= Task details =
Without the pictures, repeat all of the data exactly as it appears below.

= Exercise data =
○ ○ ○
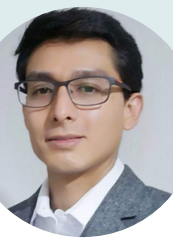 Dr. Tonatiuh González Heredia.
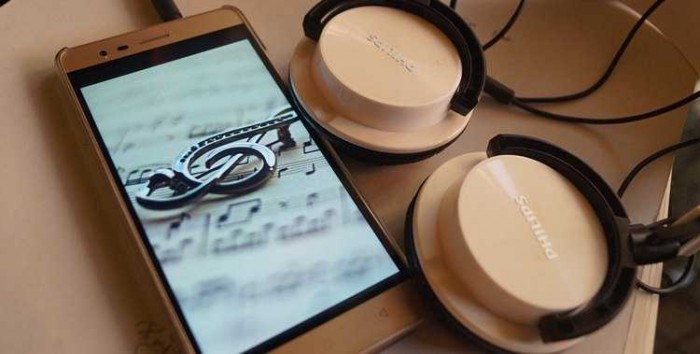 Aplikasi Audio Editor Android yang Punya Banyak Fitur Keren
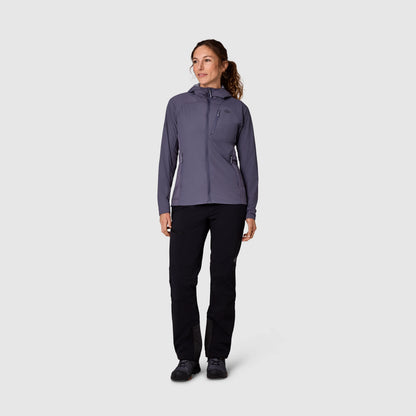 Women's Deviator Hoodie
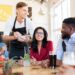 3 ways restaurant staff and customers can communicate to prevent food allergy reactions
○ ○ ○
= Answer section =
 Dr. Tonatiuh González Heredia.
 Aplikasi Audio Editor Android yang Punya Banyak Fitur Keren
 Women's Deviator Hoodie
 3 ways restaurant staff and customers can communicate to prevent food allergy reactions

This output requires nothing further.